The change in depreciation policy has been accounted for as a prior year adjustment, resulting in an increase of
$20 million to property, plant and equipment and to retained earnings. The depreciation expense recognised in
draft profit for the year to 30 June 2017 is $12 million (2016 – $15 million). (8 marks)
4
Required:
Comment on the matters to be considered, and explain the audit evidence you should expect to find during your
file review in respect of each of the issues described above.
You are NOT required to explain the potential impact of the matters on the auditor’s opinion or report.
Note: The split of the mark allocation is shown against each of the issues above.
(25 marks)
5 [P.T.O.
Section B – TWO questions ONLY to be attempted
3 (a) You are a manager in one of the assurance departments of Leopard & Co, a large firm of Chartered Certified
Accountants. You are currently assigned to a due diligence engagement for one of your firm’s audit clients,
Cheetah Co, a manufacturer of bespoke furniture. The audit of Cheetah Co is conducted by a team from a different
department; you have never been involved in the audit of this client.
The engagement is to conduct a financial and operational due diligence review of Zebra Co, a company which
has been identified as a potential acquisition target by Cheetah Co, due to the synergies offered and the potential
to expand the existing production facilities. As part of the due diligence review, you have been asked to provide a
valuation of Zebra Co’s assets and liabilities and an analysis of the company’s operating profit forecasts. This will
assist Cheetah Co in determining an appropriate purchase price for Zebra Co.

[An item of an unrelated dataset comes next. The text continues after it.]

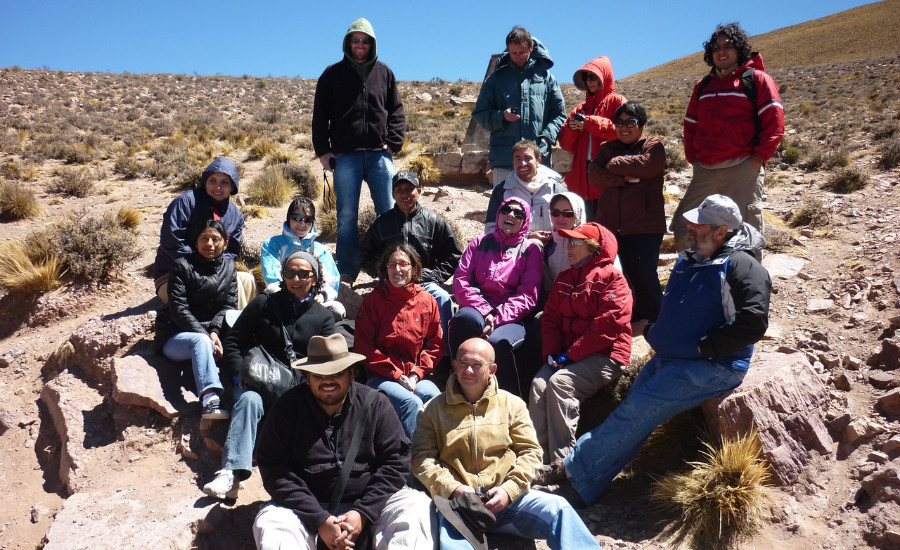 Group of people sitting on a rocky hillside.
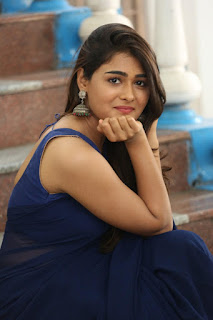 South actress shalini pandey sitting on steps and showing her sexy side view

During the engagement fieldwork your team identified two matters, which require your further consideration, as
follows:
1. While reviewing correspondence with customers in relation to outstanding receivables, one of the team found
a letter from a large retailer, for which Zebra Co produces a number of unique products, providing advanced
notice that they are not renewing their purchasing agreement when the current one expires. The customer
advised that they are switching to a new entrant to the market who is substantially cheaper than Zebra Co. A
brief analysis identified that the customer provides, on average, almost 5% of Zebra Co’s annual revenues.
2. Zebra Co owns a piece of land which was given to it as a gift by the local authorities ten years ago. The land
surrounds the entrance to the main production premises and is designated as a nature reserve. Restrictions
were imposed on the usage of the land which also limit who the owner is able to sell the land to in the future.
The land has zero carrying value in the financial statements.
No additional matters have arisen for your consideration. You are also aware that the financial statements for the
last ten years have been audited and no modifications have been made to the auditor’s opinion during this period.
Required:
In respect of the two matters identified above:
(i) Explain why each matter requires further investigation as part of the due diligence review, and
(6 marks)
(ii) Recommend the investigation procedures to be performed. (6 marks)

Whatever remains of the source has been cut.